┌──

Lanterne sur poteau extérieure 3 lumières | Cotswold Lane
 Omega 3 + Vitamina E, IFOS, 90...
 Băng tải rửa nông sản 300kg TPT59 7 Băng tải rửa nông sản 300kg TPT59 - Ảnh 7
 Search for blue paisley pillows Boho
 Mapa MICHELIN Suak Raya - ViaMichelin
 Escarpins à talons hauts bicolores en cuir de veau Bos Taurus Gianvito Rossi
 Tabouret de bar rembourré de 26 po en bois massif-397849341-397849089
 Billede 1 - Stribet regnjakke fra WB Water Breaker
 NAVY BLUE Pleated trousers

└──

Work instruction: Your reply should be the lines from the one that contains "Billede 1 - Stribet" through the end of the listing above, repeated exactly.

Solution:
 Billede 1 - Stribet regnjakke fra WB Water Breaker
 NAVY BLUE Pleated trousers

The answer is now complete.